Tuesday, 26 October 2010

Web 1.0 The Problem of Information Retrieval

The problem of Information Retrieval

“Users needs must be the driver for the concepts, principles and development of new technology employed” (Morveille and Rosenfield 2007). This implies users and their behavior have driven the plethora of ways in which digital information is created, represented and retrieved from the Web. The various representations include marked up documents using markup languages HTML (see a simple example at http://www.student.city.ac.uk/~abjb823/DITA02/Index.html) JPEG images, PDF files, and even on-line databases, all referred to as 'content'. Accessing content retrieving information should be a quick and painless exercise.

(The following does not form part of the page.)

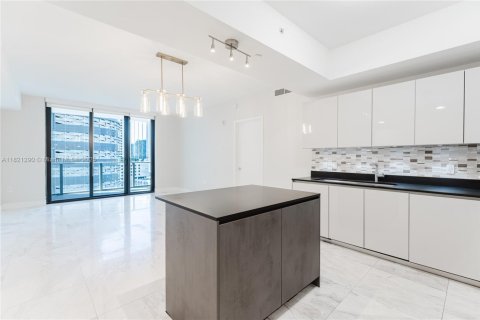 Condo in Miami, Florida, 2 bedrooms  № 1781484 - photo 4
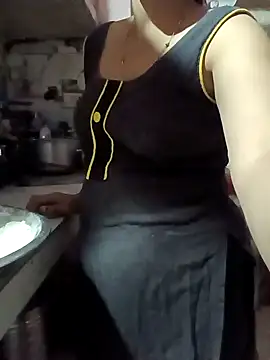 Snapshot of Ankita202 chatting on November 14, 2025, 1:43 pm Ankita202 online show from November 14, 2025, 1:43 pm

"The essential problem in information representation and retrieval (according to Chu 2003), remains how to obtain the right information for the right user at the right time, despite the existence of other variables (e.g. user characteristics database coverage)" and further the economic implications for information retrieval. In the context of a company employee, "What does it cost if every employee in your company spends an extra five minutes per day struggling to find answers on your intranet? (Morveille and Rosenfield 2007)
Focusing on two distinct ways users have ways to 'find answers', namely through retrieving information stored as data in relational databases (referred to as the 'relational model' Chu 2003) and information retrieved from web pages stored on the World Wide Web (Discussed further in my post: http://chrisbrookditablog.blogspot.com/2010/10/dita-session-2-internet-and-world-wide.html ), we can critically evaluate the two technologies and how the user can 'obtain the right information at the right time' (Chu 2003)

The Relational Model

In the relational data model, types of things, things relevant in the real world are referred to as 'entities' and are structured into two-dimensional tables, (e.g. students at City university would be an entity, one student per row, name address etc stored in columns, or post-graduate schemes another entity). Each record is then indexed, using an arbitrary unique numerical 'key'.
The importance of indexing comes from the fact that records need to be identified as unique. The term primary key, refers to the unique identifier for a given record in a selected table. This then allows tables of "related" information to be linked, and records to be retrieved from more than one table to suit the needs of the user. (e.g. students and post-graduate course are related entities, a one to one relationship) The relational Database and relational data model provides a much more robust way to store and retrieve data than that stored on the web in other formats. (Chu 2003)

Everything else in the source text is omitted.